FOR IMMEDIATE RELEASE: December 3, 2014
CONTACTS:
Deborah Fisher, executive director, Tennessee Coalition for Open Government, [email protected], (615) 602-4080; Michael T. Martinez, president of the East Tennessee Professional Chapter of the Society of Professional Journalists, [email protected], (865) 314-5256
NASHVILLE — The Tennessee Coalition for Open Government and the East Tennessee Professional Chapter of the Society of Professional Journalists have issued a joint statement of concern about efforts to interpret the Tennessee Open Meetings Act that could fundamentally reduce citizen access to public meetings. (See PDF of Press Release here).
The Industrial Development Board of Greeneville and Greene County and the private company US Nitrogen contend in a lawsuit that the Tennessee Open Meetings Act does not require that citizens be able to hear proceedings at a public meeting, only that a governing body give citizens an opportunity to be present.

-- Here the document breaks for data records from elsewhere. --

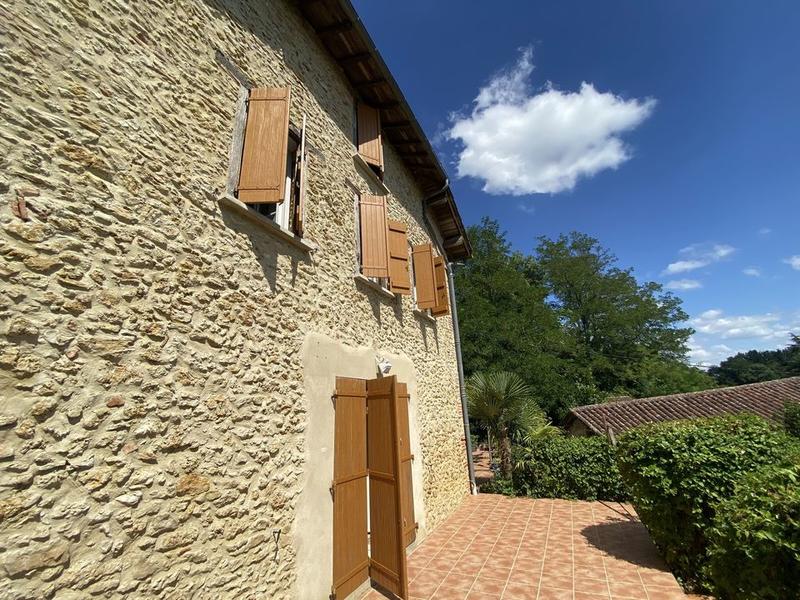 Maison - 203 m² - 10 pièces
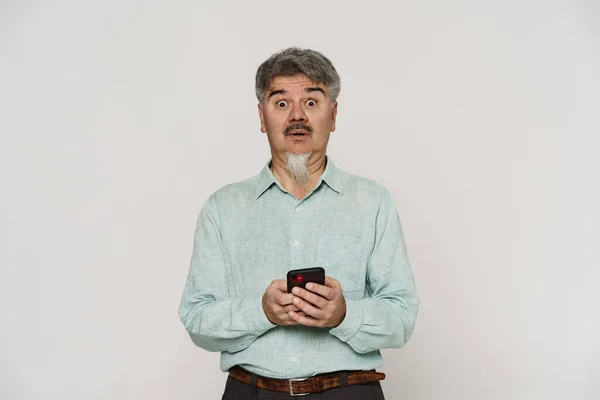 Hombre Maduro Expresando Sorpresa Usando Teléfono Móvil Aislado Sobre Fondo —  Fotos de Stock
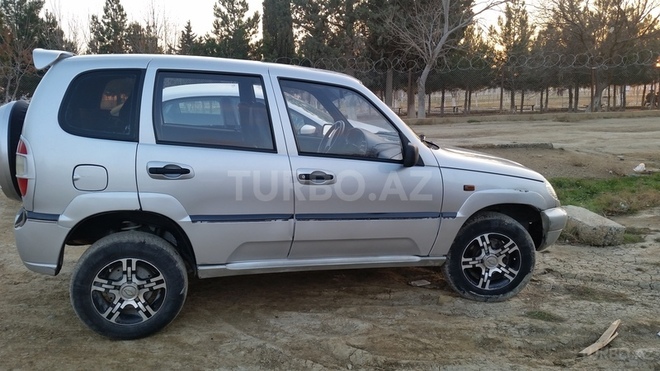 Chevrolet Niva 2005, 166,000 km - 1.7 l - Bakı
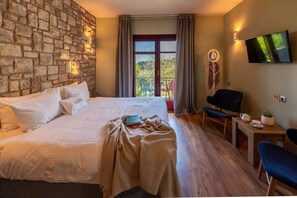 Superior Double Room | Desk, soundproofing, iron/ironing board, free WiFi - Rouista Tzoumerka Resort (Central Tzoumerka)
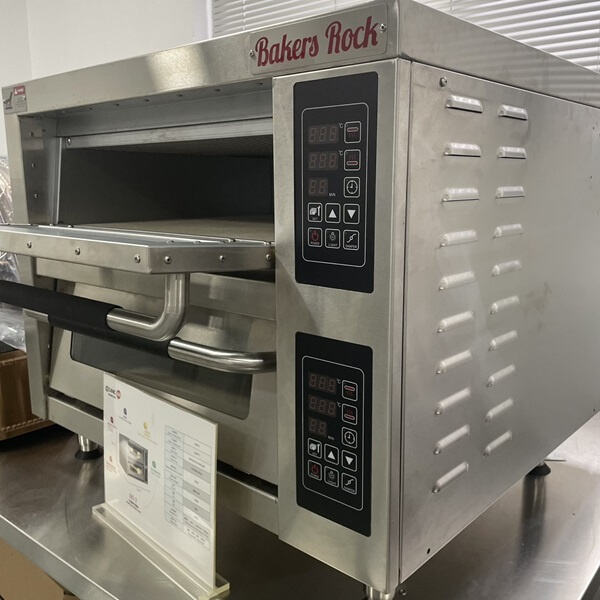 Perfectly baked goods every time with double deck oven electric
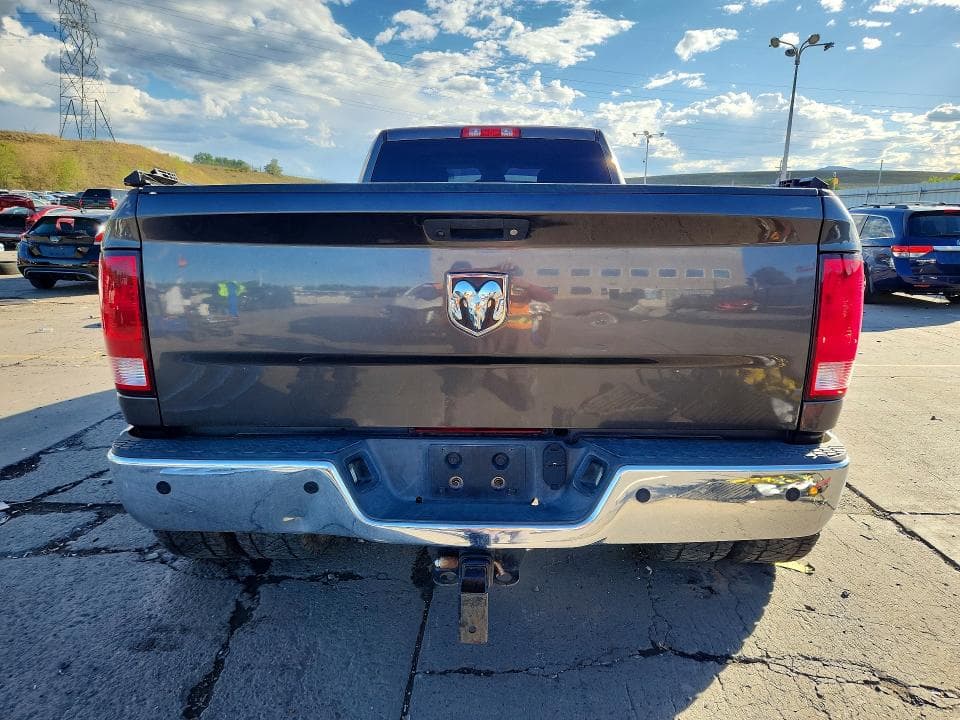 2017 RAM 3500 ST 6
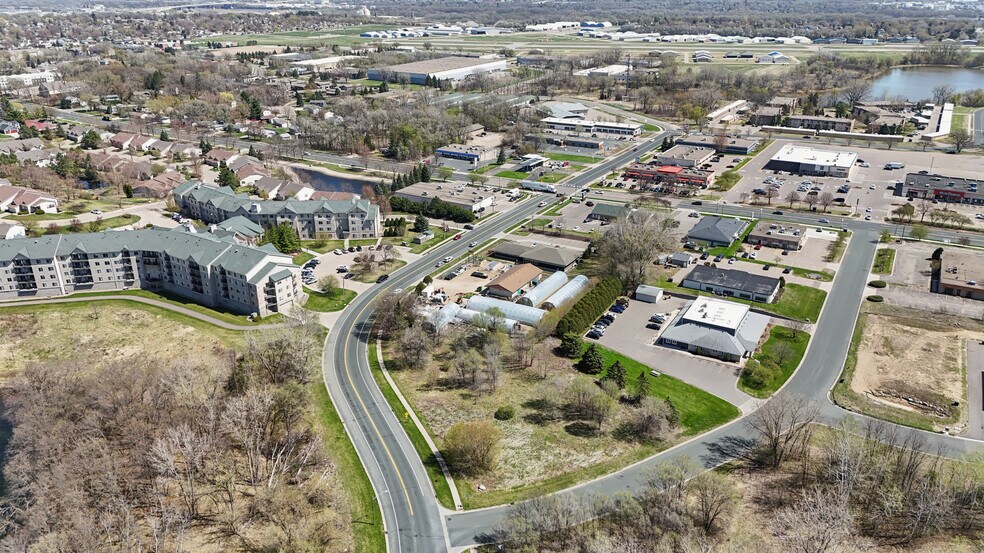 More Photos Of 2900 E 65th St, Inver Grove Heights Garden Center For Sale
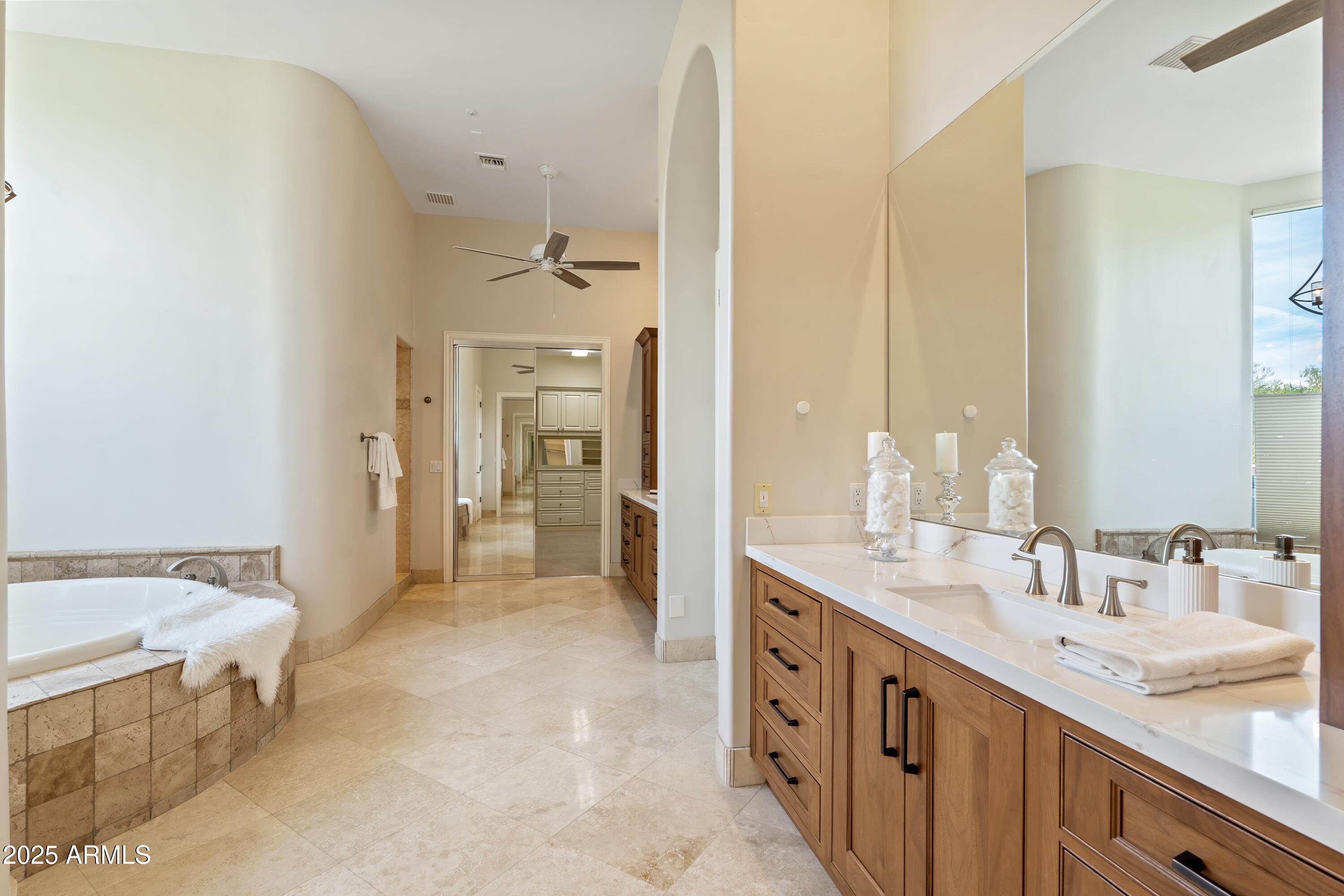 6938 E LOMAS VERDES Drive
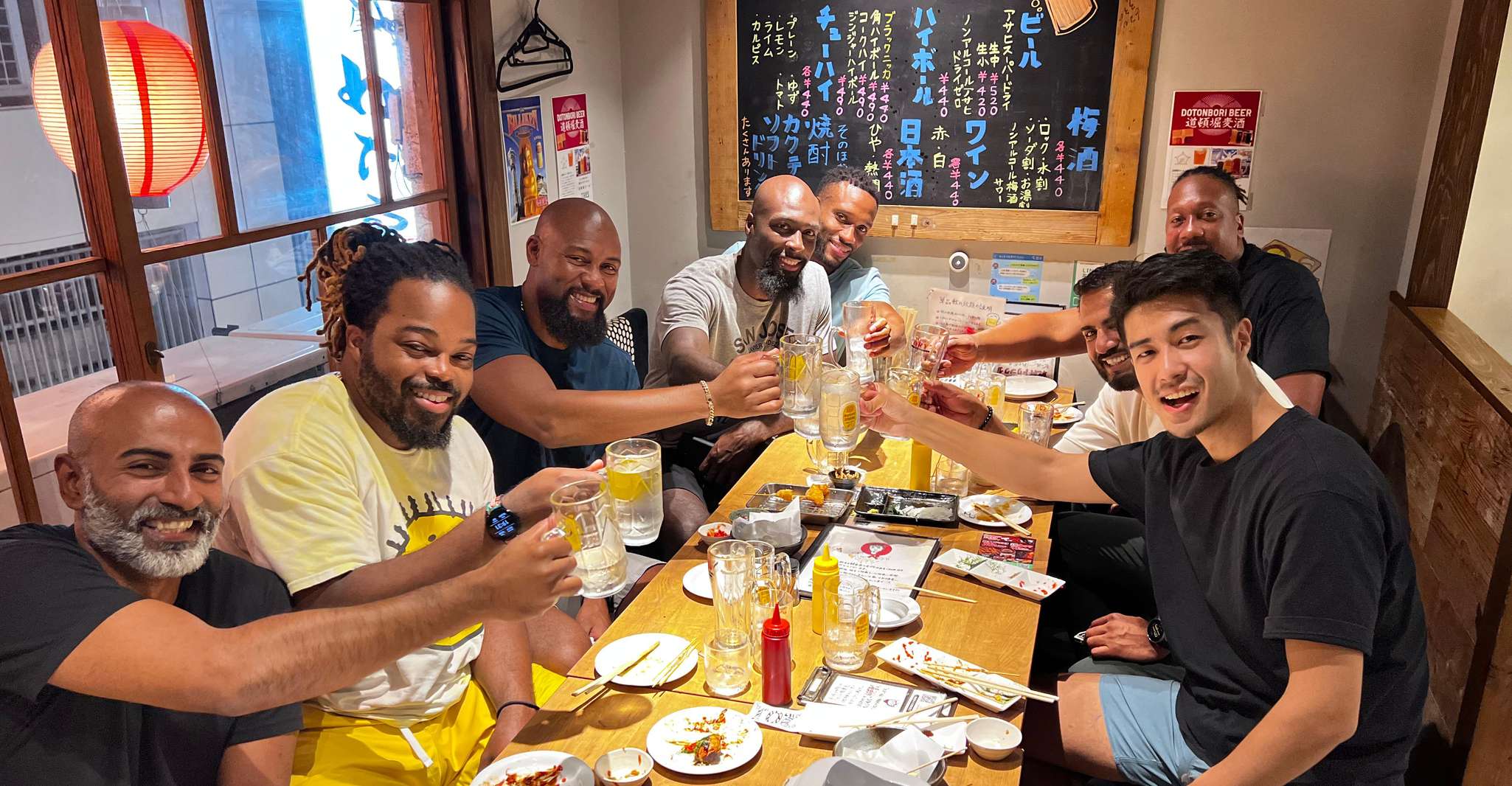 Osaka: Izakaya Bars Guided Walking Tour photo 7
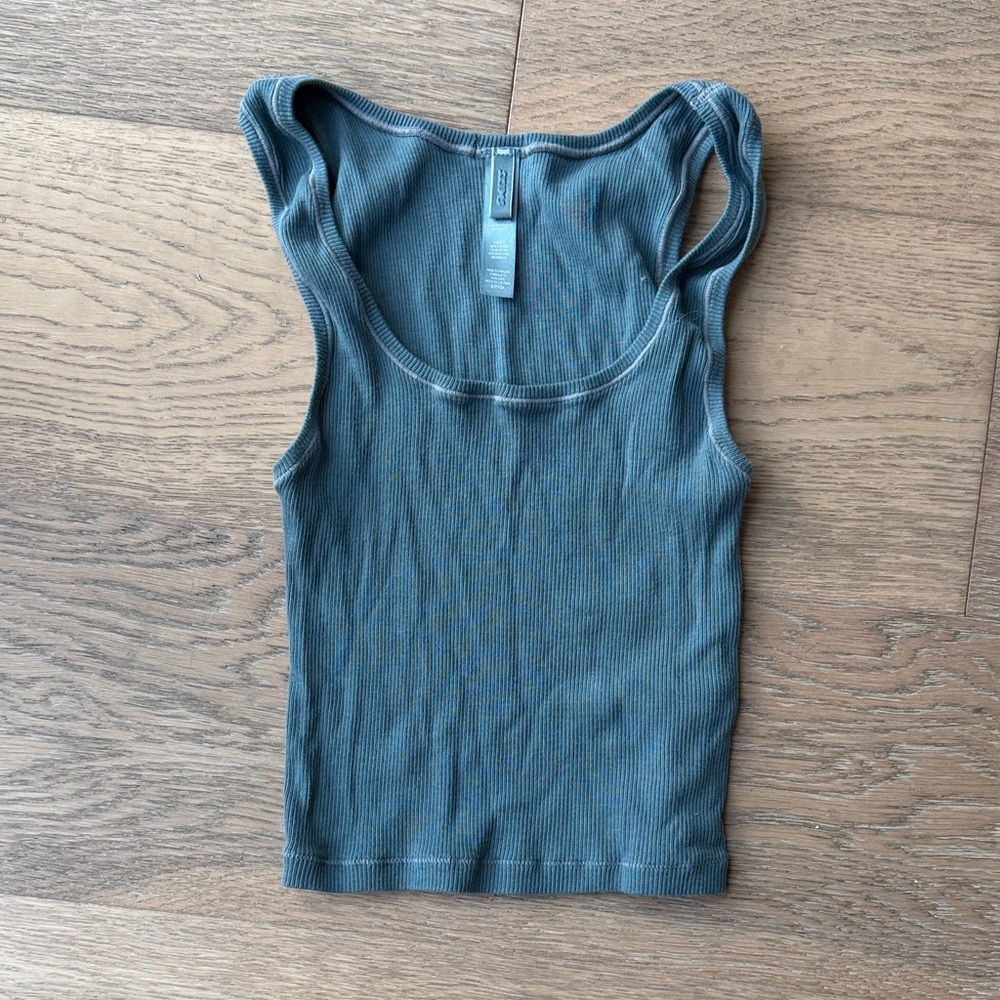 Skims small cropped tank blue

The Tennessee Coalition for Open Government and the East Tennessee Professional Chapter of the Society of Professional Journalists believe such a narrow interpretation would make a mockery of the state’s Sunshine Law and allow or even encourage absurd scenarios where a governing body could hold a public meeting, but prevent citizens from hearing what they say.
The law makes clear that efforts to circumvent the Tennessee Open Meetings Act by members deliberating privately amongst themselves will not be tolerated:
“The general assembly hereby declares it to be the policy of this state that the formation of public policy and decisions is public business and shall not be conducted in secret.” (T.C.A. 8-44-101)
And in language that emphasizes the importance of audibility, the law instructs governing bodies that allow a member to participate electronically or by phone that: “Each part of a meeting required to be open shall be audible to the public at the location specified in the notice of the meeting…”
The issue of audibility arose after citizens attended a July 18 meeting of the Industrial Development Board and a citizen was ejected from the meeting and arrested after asking the governing board to speak up so members of the audience could hear.
Citizens filed 59 complaints with the Office of Open Records Counsel, some of which protested they could not hear and that the industrial development board held the meeting without using microphones, and sat around a table so that some members had their backs to the audience.
Elisha Hodge, who was then the state’s Open Records Counsel, reviewed the complaints and video of the meeting and wrote a letter to the chairman of the Industrial Development Board, who is also the Greene County mayor, that it was her opinion that to be in compliance with the Open Meetings Act “that all public meetings of a governing body are required to be held in a manner that permits the public to hear the issues being deliberated and/or the decisions being made.” She said she could not hear portions of the meeting on the video she watched, even though the recorder had a microphone.
TCOG and SPJ-East Tennessee chapter believe arguments to interpret the Open Meetings Act as not requiring deliberations of a governing body to be audible in a public meeting are inconsistent with the core purpose and intent of the Act, which is to prevent secrecy in how decisions are arrived at by governing bodies.
TCOG is a nonpartisan, nonprofit organization founded in 2003 whose mission is to promote and preserve transparency in government through education and awareness of the state’s open records and open meetings laws. More information can be found at www.tcog.info.
ETSPJ is a professional chapter of the Society of Professional Journalists, the nation’s most broad-based journalism organization, dedicated to encouraging the free practice of journalism and stimulating high standards of ethical behavior. It was founded in 1909.